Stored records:
┌──

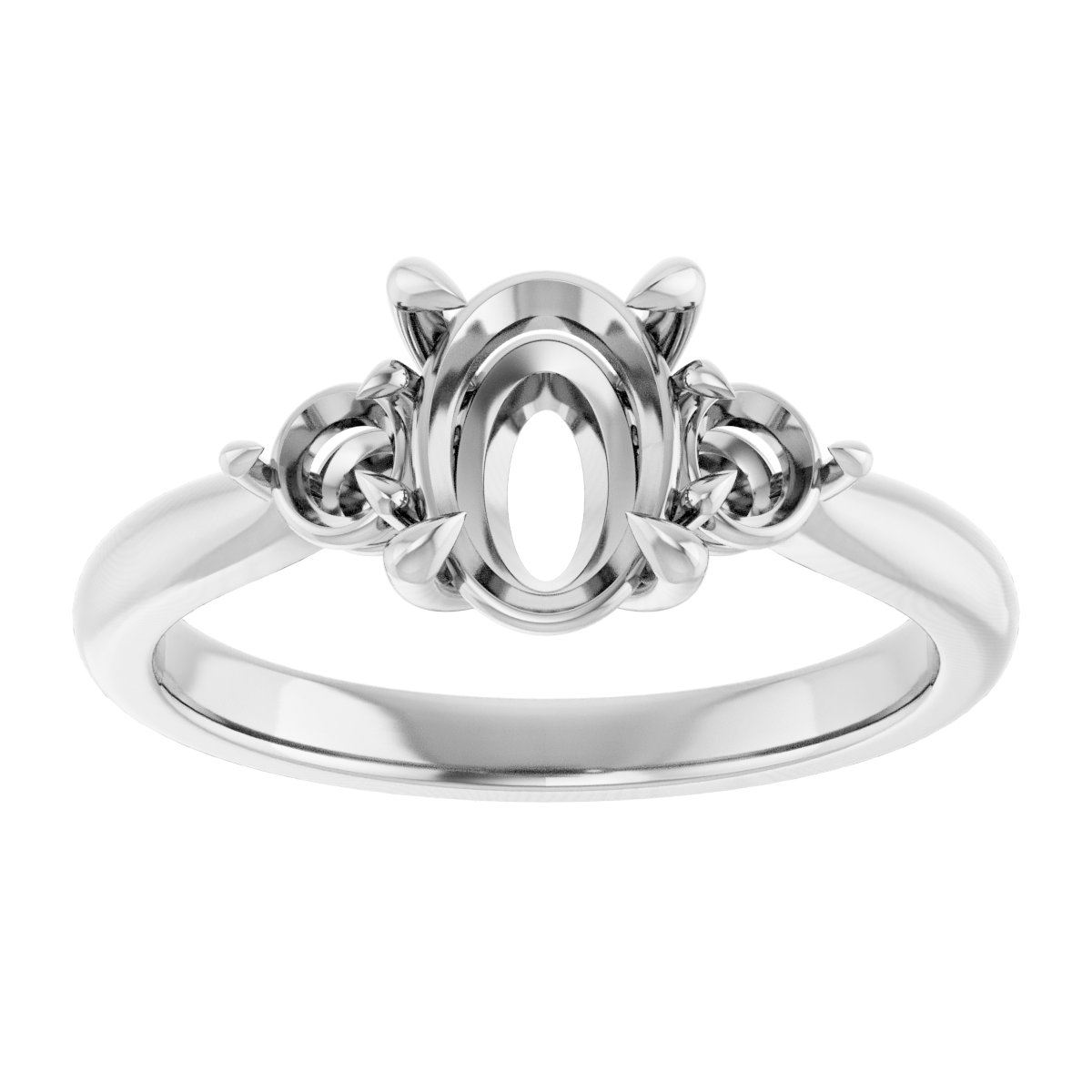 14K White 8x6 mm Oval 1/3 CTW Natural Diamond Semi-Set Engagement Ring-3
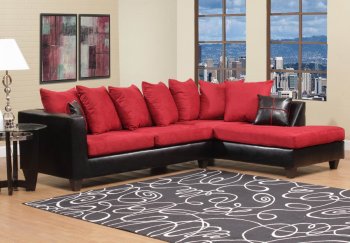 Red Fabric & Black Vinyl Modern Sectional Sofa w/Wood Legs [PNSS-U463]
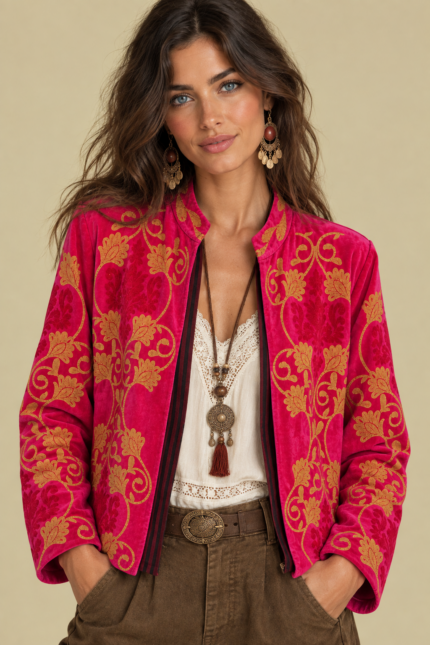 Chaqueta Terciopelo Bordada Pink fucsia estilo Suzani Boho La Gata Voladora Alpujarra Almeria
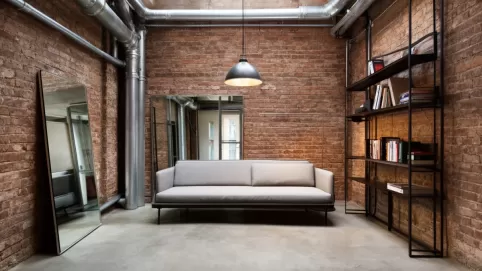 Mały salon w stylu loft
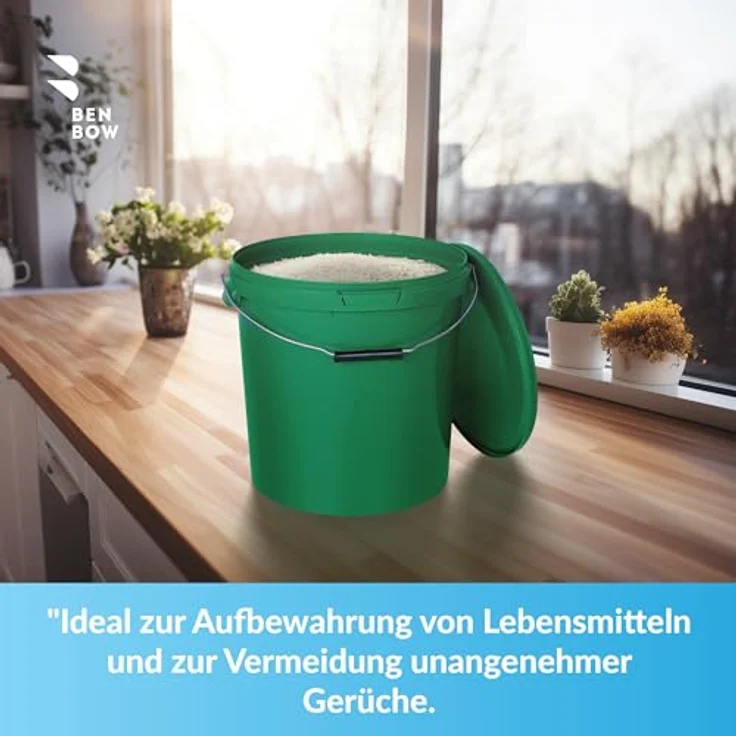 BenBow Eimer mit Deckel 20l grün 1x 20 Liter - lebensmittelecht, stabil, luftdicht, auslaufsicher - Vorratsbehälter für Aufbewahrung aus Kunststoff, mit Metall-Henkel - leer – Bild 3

└──

Your goal: Your task is to repeat, word for word and with no picture, every line from the one that contains "Red Fabric &" through the last line of the data.

Reply to the task:
 Red Fabric & Black Vinyl Modern Sectional Sofa w/Wood Legs [PNSS-U463]
 Chaqueta Terciopelo Bordada Pink fucsia estilo Suzani Boho La Gata Voladora Alpujarra Almeria
 Mały salon w stylu loft
 BenBow Eimer mit Deckel 20l grün 1x 20 Liter - lebensmittelecht, stabil, luftdicht, auslaufsicher - Vorratsbehälter für Aufbewahrung aus Kunststoff, mit Metall-Henkel - leer – Bild 3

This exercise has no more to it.